(Data supplied Opens)

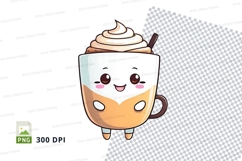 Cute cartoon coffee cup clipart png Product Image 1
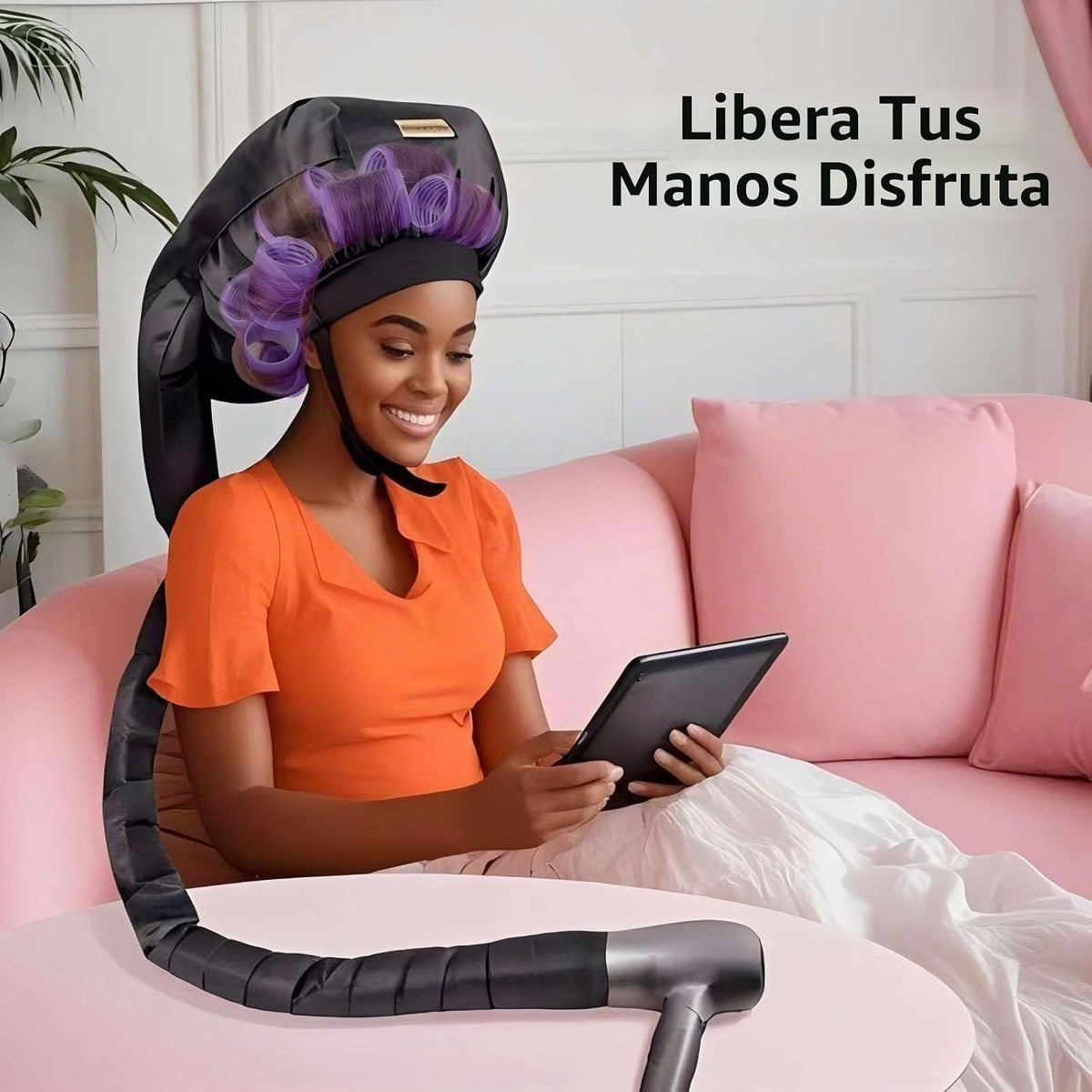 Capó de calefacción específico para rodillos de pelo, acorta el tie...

(Data supplied Closes)
(Data supplied Opens)

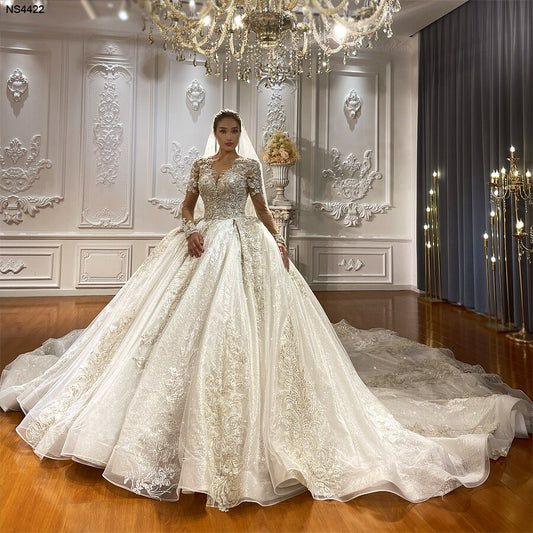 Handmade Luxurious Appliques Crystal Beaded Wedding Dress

(Data supplied Closes)

● Task details
Exact copy, pictures excluded: every line above from the one containing "Cute cartoon coffee" to the one containing "Capó de calefacción", inclusive, and nothing more.

● Task response
 Cute cartoon coffee cup clipart png Product Image 1
 Capó de calefacción específico para rodillos de pelo, acorta el tie...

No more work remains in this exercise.